Bob Pianta is not dismayed by the challenges facing education and society at large. Now in his ninth year as dean of the Curry School of Education, Pianta believes a plentiful and rich resource has long gone untapped, and when released, could profoundly impact our communities and the world.
That resource is America's youth.
"We are surrounded by young people with energy and talent, a willingness to take risks, a desire to be engaged and involved, and droves of creativity, but we have done very little to provide the space to develop and channel that talent and energy," said Pianta. "With the right support from adults and society, young people will do incredible things."
Q: What kind of potential do you see?
A: Teenagers and young twenty-somethings have the eagerness and the capacity to take on some of our nation's greatest challenges: public education, a productive economy, environmental degradation, massive inequality, and a rapidly aging population. All of these will require the creativity, commitment, and decision-making talents of today's youth.
And we know they are capable. The capacity of youth to tackle significant problems is on display in the Black Lives Matter movement, in the High Tech High charter school system, and in teen-led TED talks on topics ranging from human rights to nuclear fusion. When educators and civic leaders give teens interesting, challenging and relevant problems to solve, they rise to the occasion.
It's a mistake and a missed opportunity to view the teenage years as a kind of threat that must be contained, or as a stage of life to be tolerated until a more productive or useful time arrives.
Q: What prevents this kind of potential from being realized?
A: As adults, we have created a system that at best treats youth as incomplete, and at worst as threats. Teens' assets don't fit neatly into our system, so we often don't recognize what they can accomplish. For example, what many see as the "risky behavior" of youth, I believe, is the creativity and energy that makes them innovators. They are square pegs in the systems of round holes created by adults.
Q: What is the impact of that disconnect on youth?
A: Contrast the promise of youth with the staggering loss of their human capital — near-record dropout and unemployment rates; 50 percent say school, including college, is irrelevant; almost half of teens show health and mental health problems.
Middle schools in America are a great example of our utter failure to design environments based on what we know of the development of the average 13 year old. Our system tells them to sit in desks and memorize facts all day.
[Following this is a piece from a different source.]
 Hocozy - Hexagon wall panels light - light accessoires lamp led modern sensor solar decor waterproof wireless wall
And when young people signal their dissatisfaction with this sort of treatment, our schools respond by reinforcing the "round hole" that created this in the first place — zero tolerance for what we describe as misbehavior; referrals for medication; or routing youth to special education services. At worst, we funnel them into the justice system.
Q: What is the Curry School doing to champion youth as assets?
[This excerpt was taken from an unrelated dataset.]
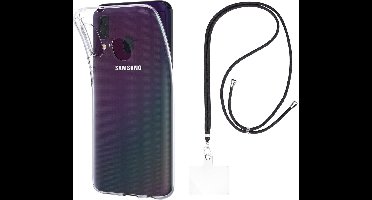 Set met hoesje en nekband voor Samsung Galaxy a40 - Flexibele, transparante TPU-bescherming, verstelbare universele nekband voor mobiele telefoons, zwarte nekband, transparante draagriem van Phonillico®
A: For years, Youth-Nex, our research center focused on positive youth development, has led the way for UVA faculty and researchers to identify the connections and disconnections between education and human development. We know that if we can synchronize how to educate youth with what we now understand about how youth learn and develop, they will flourish. The upside of this effort is tremendous and touches on scientific progress as well as social change.
Our work going forward is to continue bringing together researchers from a wide variety of fields in education and human development, as well as others such as neuroscience and cultural studies. It is this whole university effort that can make a transformative difference. Once we gather the knowledge that surrounds youth as assets, that knowledge needs to be applied in places it can matter, through work on policy, programs, and education.
If we get this right, it's transformative for society and for youth. Then, just watch what they will accomplish. That excites me the most.